Gender preferences in 'comfort' foods
stem from childhood

comfort food?

CHAMPAIGN, Ill. -- Perhaps men are from Mars and women from Venus, at least in the eating department. When it comes to foods that bring them psychological comfort, men like hearty meals, while women look for snacks that require little or no preparation, though they may cause pangs of guilt.

The psychological underpinnings of people's food preferences have been a continuing source of study at the Food and Brand Lab at the University of Illinois at Urbana-Champaign.

While the human craving for salty and sweet foods is well documented, the Illinois lab has found that nearly 40 percent of "comfort-giving foods" do not fall into the traditional categories of snacks or desserts. Instead, they can be classified as relatively natural, home-made, even "healthy" main courses, and include soups, vegetables, pasta, pizza and steak.

"Comfort foods are foods whose consumption evoke a psychologically pleasurable state for a person," reported Brian Wansink, an Illinois marketing professor who heads the lab. Drawing from national survey questionnaires, the lab has concluded that a person's comfort-food preferences are formed at an early age and are triggered, in addition to hunger, by conditioned associations and gender differences.

Men, for example, find comfort in foods associated with meals prepared by their mothers (mashed potatoes, pasta, meat, and soup) rather than from snacks and sweets (excepting ice cream).

But what is comfort for men is work for women. "Because adult females are not generally accustomed to having hot food prepared for them and as children saw the female as the primary food preparer, they tend to gain psychological comfort from less labor-intensive foods such as chocolate, candy and ice cream," Wansink said. Indeed, one study found that 92 percent of self-reported "chocolate addicts" were female.

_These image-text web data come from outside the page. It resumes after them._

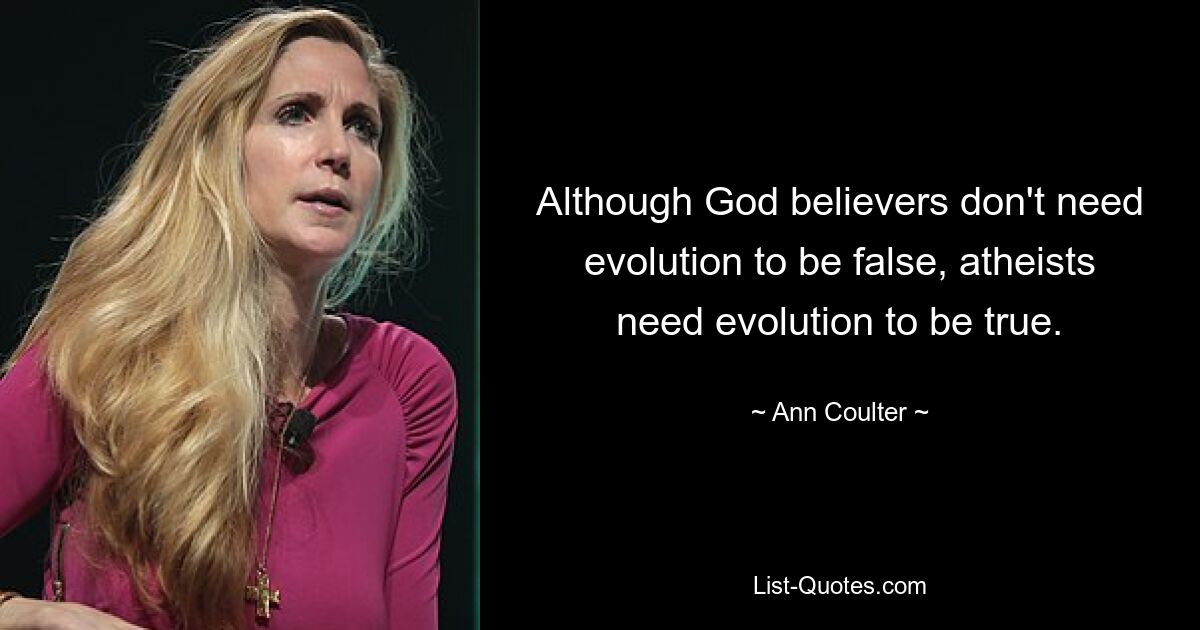 Although God believers don't need evolution to be false, atheists need evolution to be true. — © Ann Coulter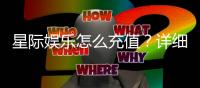 星际娱乐怎么充值？详细步骤与到账时间解析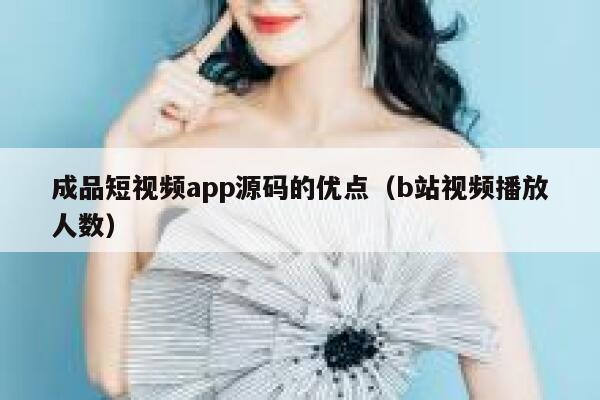 成品短视频app源码的优点(b站视频播放人数) 第1张 成品短视频app源码的优点(b站视频播放人数) 第1张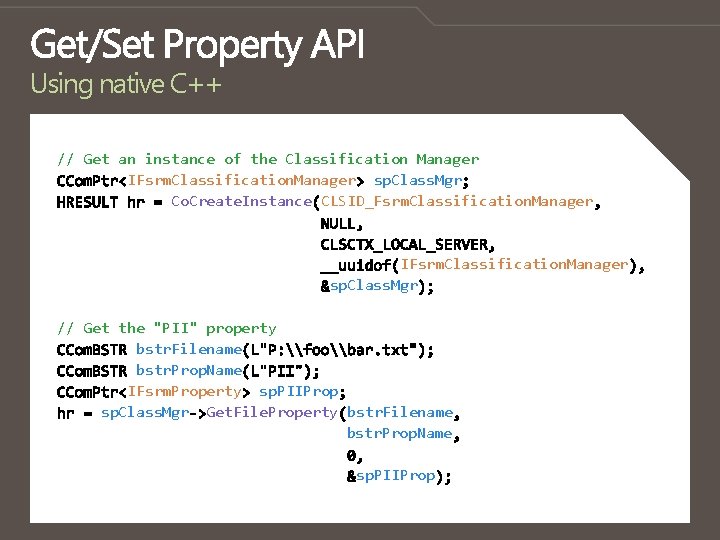 Using native C++ // Get an instance of the Classification Manager IFsrm. Classification. Manager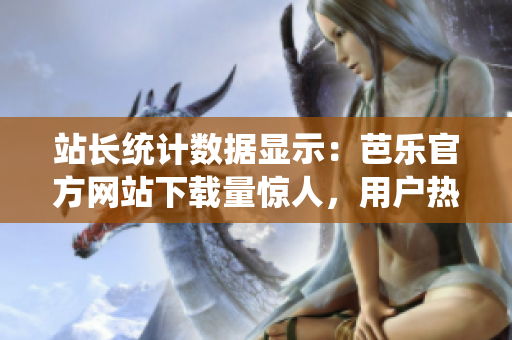 站長統(tǒng)計數(shù)據(jù)顯示：芭樂官方網(wǎng)站下載量驚人，用戶熱情高漲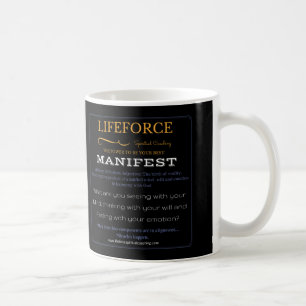 LifeForce Intention Mug: Manifest Coffee Mug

Many people assume comfort foods are eaten when a person is sad or lonely. "The opposite is often true," Wansink said. "People are more apt to seek out comfort foods when they're jubilant or when they want to celebrate or reward themselves."

But the kinds of foods that give comfort may vary with one's mood, according to the Illinois professor. A person may crave pizza when happy, reach for cookies when sad, and open up a bag of potato chips when bored.

Adults hanker for foods that connect with specific personal events ("My mom always gave me soup when I was sick") or to people in their lives ("My father loved green bean casserole"). Some foods stir vivid reactions when tasted or smelled or come to be associated with personal identity (T-bone steak is "strong and all-American" to many men; tofu isn't). Whatever the trigger, the emotions evoked by food are powerful factors in the human drive to eat -- and overeat.

Wansink will discuss comfort foods on "Top Five," a broadcast of the Food Network, on Monday, July 14, at 10 p.m. Eastern Time. The show was filmed in Wansink's lab and in Eli's Cheesecake factory near Chicago.